What you will do
The required output is every line from the beginning of the entries below through the line that includes "Botón y marco", copied exactly.
- - - -
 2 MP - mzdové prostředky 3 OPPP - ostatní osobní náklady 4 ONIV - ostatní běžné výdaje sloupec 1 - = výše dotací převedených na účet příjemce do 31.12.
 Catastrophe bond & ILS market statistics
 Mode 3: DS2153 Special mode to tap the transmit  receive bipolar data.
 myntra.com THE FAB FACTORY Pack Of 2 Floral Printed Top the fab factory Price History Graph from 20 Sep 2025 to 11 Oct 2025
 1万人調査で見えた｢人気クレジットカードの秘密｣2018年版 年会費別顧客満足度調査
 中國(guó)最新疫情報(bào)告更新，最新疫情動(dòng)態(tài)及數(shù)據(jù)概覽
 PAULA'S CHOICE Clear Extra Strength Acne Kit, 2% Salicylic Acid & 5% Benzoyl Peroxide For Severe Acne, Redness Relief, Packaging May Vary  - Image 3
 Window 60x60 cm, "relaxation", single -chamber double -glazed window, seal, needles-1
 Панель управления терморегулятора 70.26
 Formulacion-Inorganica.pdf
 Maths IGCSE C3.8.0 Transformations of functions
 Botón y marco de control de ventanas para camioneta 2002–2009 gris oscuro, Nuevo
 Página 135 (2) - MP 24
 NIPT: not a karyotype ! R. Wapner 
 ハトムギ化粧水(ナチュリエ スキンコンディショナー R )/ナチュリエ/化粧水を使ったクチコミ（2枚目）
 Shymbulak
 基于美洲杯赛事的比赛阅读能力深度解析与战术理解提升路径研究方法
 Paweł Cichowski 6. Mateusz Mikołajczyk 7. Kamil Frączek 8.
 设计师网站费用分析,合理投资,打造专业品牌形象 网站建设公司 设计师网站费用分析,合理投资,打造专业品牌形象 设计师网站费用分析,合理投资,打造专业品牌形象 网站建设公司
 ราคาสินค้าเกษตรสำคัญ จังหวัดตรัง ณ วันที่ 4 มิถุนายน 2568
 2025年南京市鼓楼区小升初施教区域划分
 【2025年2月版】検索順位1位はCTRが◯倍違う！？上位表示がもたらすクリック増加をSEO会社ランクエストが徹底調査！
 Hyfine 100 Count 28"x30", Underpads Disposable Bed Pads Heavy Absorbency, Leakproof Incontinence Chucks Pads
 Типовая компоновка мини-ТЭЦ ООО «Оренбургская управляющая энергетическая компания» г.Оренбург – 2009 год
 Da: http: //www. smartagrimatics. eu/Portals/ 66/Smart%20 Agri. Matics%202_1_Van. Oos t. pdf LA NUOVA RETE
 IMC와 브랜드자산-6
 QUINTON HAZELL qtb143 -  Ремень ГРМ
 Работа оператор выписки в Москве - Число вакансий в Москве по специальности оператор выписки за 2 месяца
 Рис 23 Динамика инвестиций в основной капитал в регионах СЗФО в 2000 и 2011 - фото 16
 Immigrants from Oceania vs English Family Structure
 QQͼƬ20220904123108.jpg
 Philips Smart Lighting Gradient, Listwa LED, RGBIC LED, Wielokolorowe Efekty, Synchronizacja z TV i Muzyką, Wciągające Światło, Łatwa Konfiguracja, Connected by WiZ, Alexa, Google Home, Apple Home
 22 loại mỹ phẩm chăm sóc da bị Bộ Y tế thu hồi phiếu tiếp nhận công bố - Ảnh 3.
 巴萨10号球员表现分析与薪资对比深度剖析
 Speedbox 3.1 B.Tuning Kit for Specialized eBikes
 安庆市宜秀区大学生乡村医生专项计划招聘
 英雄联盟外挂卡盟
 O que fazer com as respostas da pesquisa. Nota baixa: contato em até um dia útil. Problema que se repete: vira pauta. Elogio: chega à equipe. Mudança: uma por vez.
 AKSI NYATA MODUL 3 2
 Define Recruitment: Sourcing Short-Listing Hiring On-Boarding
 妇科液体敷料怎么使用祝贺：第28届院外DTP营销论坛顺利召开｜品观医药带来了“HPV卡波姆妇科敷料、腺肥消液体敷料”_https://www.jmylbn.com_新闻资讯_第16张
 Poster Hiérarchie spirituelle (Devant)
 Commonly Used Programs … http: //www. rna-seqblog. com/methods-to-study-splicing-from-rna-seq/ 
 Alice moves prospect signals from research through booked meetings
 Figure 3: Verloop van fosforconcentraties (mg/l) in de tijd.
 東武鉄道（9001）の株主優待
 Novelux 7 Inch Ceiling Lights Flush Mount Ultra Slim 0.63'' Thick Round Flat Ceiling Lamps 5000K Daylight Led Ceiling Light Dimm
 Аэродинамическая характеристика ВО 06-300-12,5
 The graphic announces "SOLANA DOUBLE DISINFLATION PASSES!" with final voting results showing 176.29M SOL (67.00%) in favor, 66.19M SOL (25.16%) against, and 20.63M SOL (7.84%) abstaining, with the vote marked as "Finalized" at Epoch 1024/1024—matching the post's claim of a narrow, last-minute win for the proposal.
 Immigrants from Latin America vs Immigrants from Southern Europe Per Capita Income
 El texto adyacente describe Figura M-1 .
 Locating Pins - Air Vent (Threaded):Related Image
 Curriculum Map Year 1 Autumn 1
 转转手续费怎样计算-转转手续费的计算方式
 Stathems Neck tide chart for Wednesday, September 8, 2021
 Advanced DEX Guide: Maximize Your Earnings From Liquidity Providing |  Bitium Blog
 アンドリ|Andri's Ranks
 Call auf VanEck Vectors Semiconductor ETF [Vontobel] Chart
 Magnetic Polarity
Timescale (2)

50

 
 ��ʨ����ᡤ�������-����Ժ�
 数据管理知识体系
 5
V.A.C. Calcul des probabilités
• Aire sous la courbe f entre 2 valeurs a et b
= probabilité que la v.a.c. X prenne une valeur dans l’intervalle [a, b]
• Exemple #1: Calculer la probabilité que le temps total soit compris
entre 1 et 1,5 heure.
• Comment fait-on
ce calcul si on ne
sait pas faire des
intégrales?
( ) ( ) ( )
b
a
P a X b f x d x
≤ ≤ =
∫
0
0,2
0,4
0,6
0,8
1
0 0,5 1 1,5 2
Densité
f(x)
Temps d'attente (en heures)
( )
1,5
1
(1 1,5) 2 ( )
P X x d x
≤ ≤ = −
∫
- - - -
The answer
 2 MP - mzdové prostředky 3 OPPP - ostatní osobní náklady 4 ONIV - ostatní běžné výdaje sloupec 1 - = výše dotací převedených na účet příjemce do 31.12.
 Catastrophe bond & ILS market statistics
 Mode 3: DS2153 Special mode to tap the transmit  receive bipolar data.
 myntra.com THE FAB FACTORY Pack Of 2 Floral Printed Top the fab factory Price History Graph from 20 Sep 2025 to 11 Oct 2025
 1万人調査で見えた｢人気クレジットカードの秘密｣2018年版 年会費別顧客満足度調査
 中國(guó)最新疫情報(bào)告更新，最新疫情動(dòng)態(tài)及數(shù)據(jù)概覽
 PAULA'S CHOICE Clear Extra Strength Acne Kit, 2% Salicylic Acid & 5% Benzoyl Peroxide For Severe Acne, Redness Relief, Packaging May Vary  - Image 3
 Window 60x60 cm, "relaxation", single -chamber double -glazed window, seal, needles-1
 Панель управления терморегулятора 70.26
 Formulacion-Inorganica.pdf
 Maths IGCSE C3.8.0 Transformations of functions
 Botón y marco de control de ventanas para camioneta 2002–2009 gris oscuro, Nuevo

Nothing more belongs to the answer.